> **PROBLEM DETAILS**
After locating the line that contains "Rowenta - Teplovzdušná", give that line and all the rest through the end of the entries again exactly, leaving the pictures out.

RECORD EXTRACTS Block Start

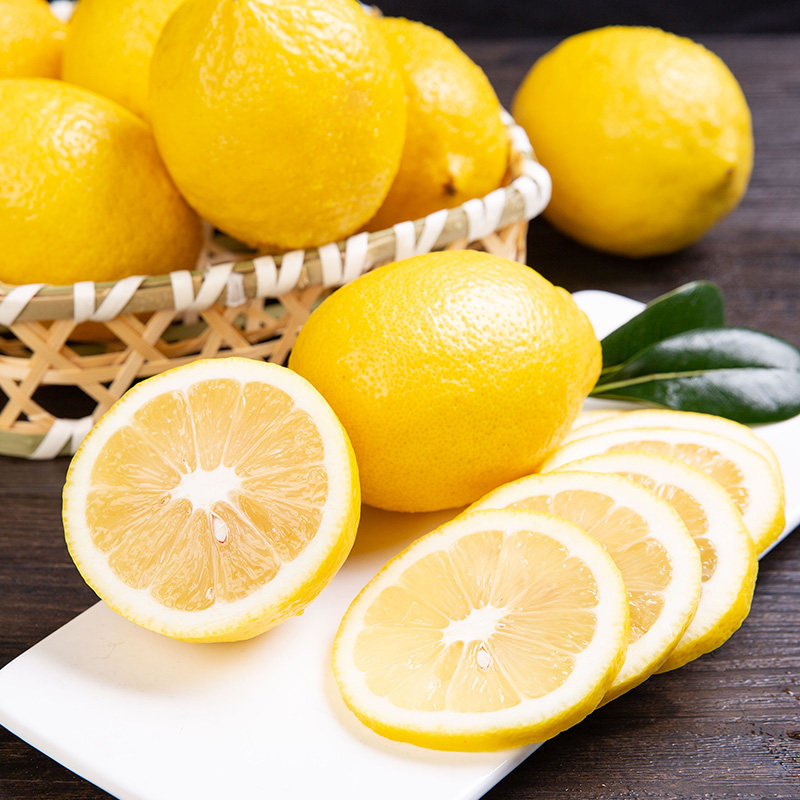 安岳黄柠檬一级果新鲜包邮2斤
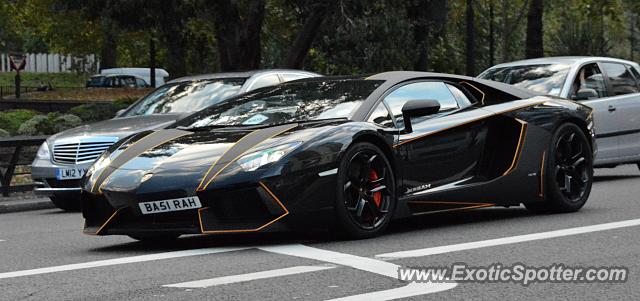 Lamborghini Aventador spotted in London, United Kingdom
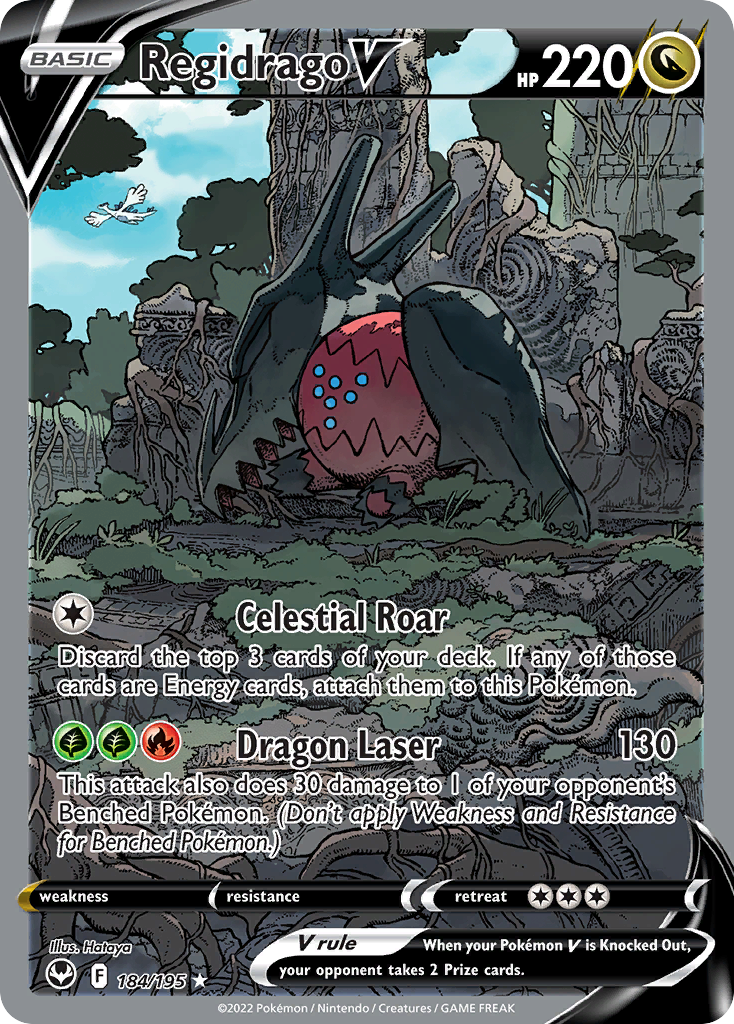 Regidrago V 184/195 Silver Tempest
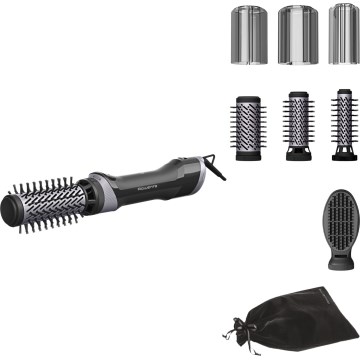 Rowenta - Teplovzdušná kefa BRUSH ACTIV 1000 W/230 V, čierna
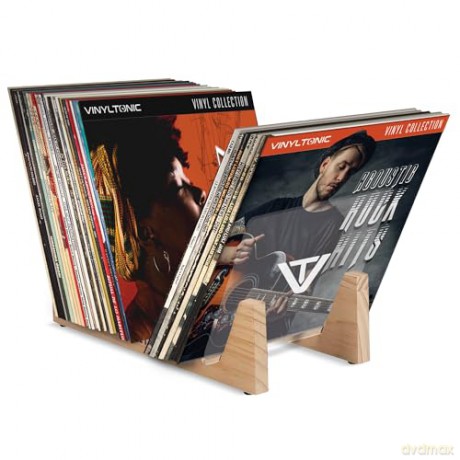 Vinyltonic: Vinyltonic Vinyl Display Rack Oak Finish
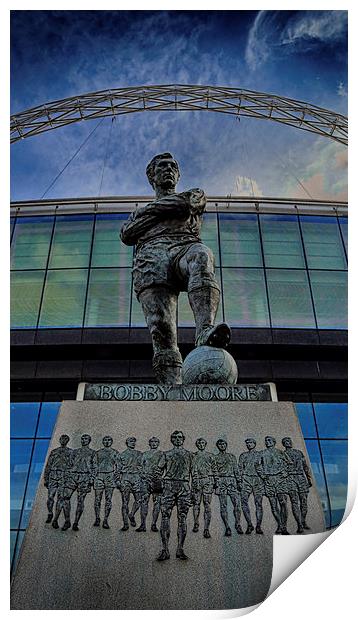 Bobby Moore Statue Print by Phil Clements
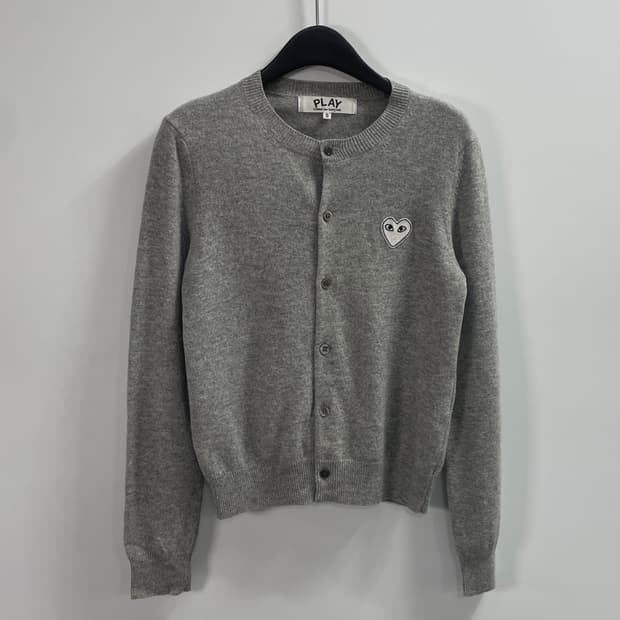 꼼데가르송 우먼스 와펜 라운드 가디건 (on.681)   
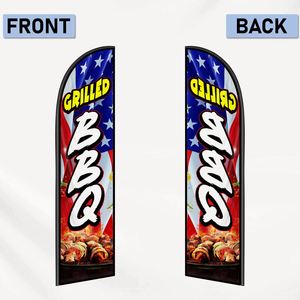 Drapeaux à plumes personnalisés de haute qualité 2,5 x 11,5 pieds pour barbecue, plage, fêtes et promotions publicitaires - Product Image 2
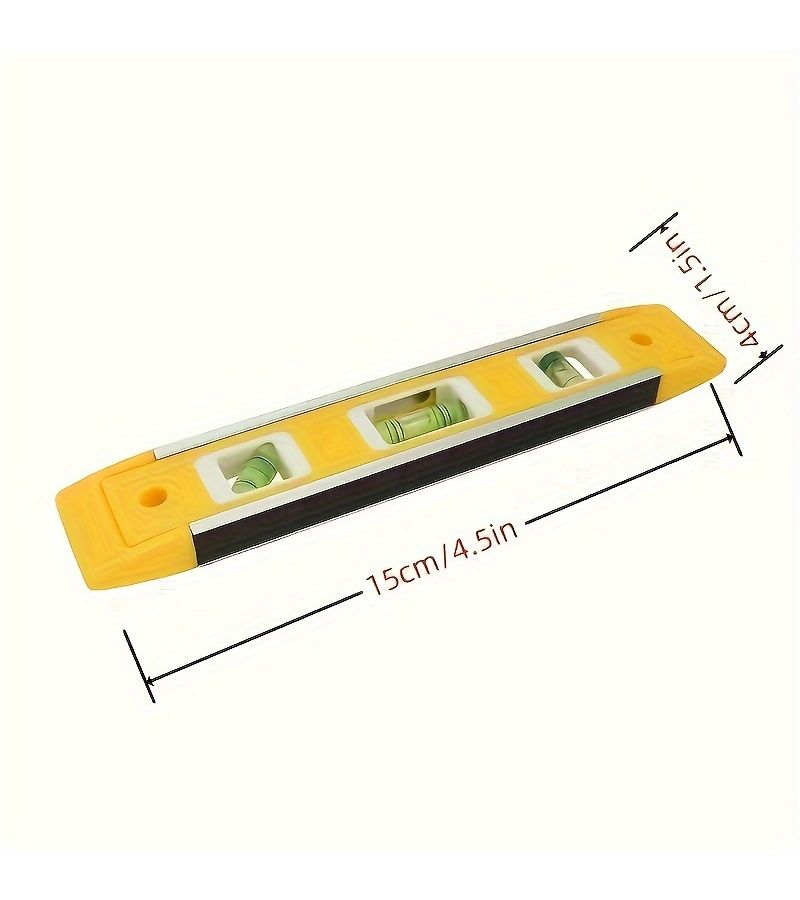 3 In 1 Magnetic Spirit Level Professional Precision Tool Easy To Read Yellow Beam 1pc - Image 5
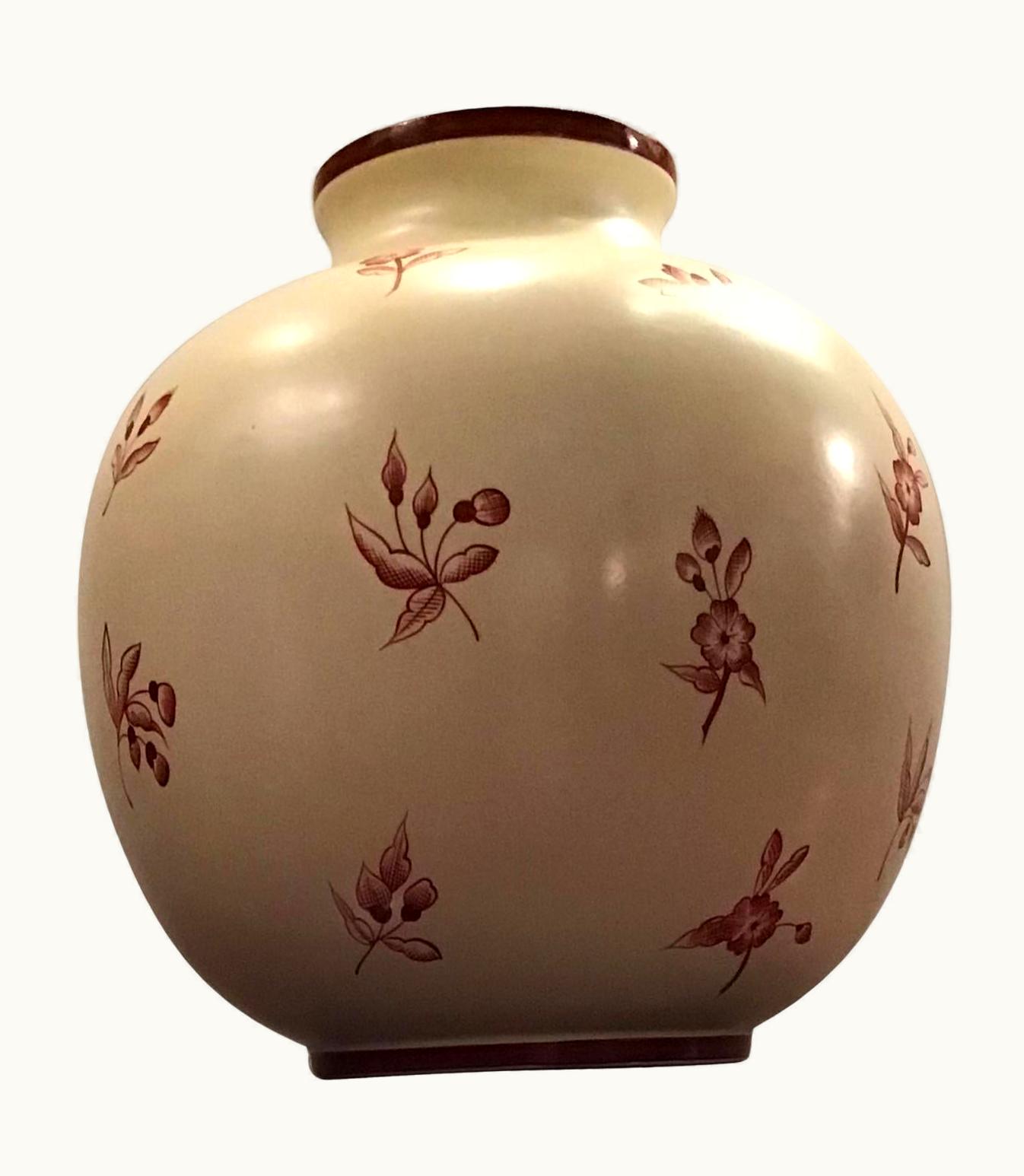 Gio Ponti Gio Ponti Gio' Ponti Richard Ginori Vase Ceramic, 1930, Italy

RECORD EXTRACTS Block End

> **SOLUTION FOR THIS TASK**
 Rowenta - Teplovzdušná kefa BRUSH ACTIV 1000 W/230 V, čierna
 Vinyltonic: Vinyltonic Vinyl Display Rack Oak Finish
 Bobby Moore Statue Print by Phil Clements
 꼼데가르송 우먼스 와펜 라운드 가디건 (on.681)   
 Drapeaux à plumes personnalisés de haute qualité 2,5 x 11,5 pieds pour barbecue, plage, fêtes et promotions publicitaires - Product Image 2
 3 In 1 Magnetic Spirit Level Professional Precision Tool Easy To Read Yellow Beam 1pc - Image 5
 Gio Ponti Gio Ponti Gio' Ponti Richard Ginori Vase Ceramic, 1930, Italy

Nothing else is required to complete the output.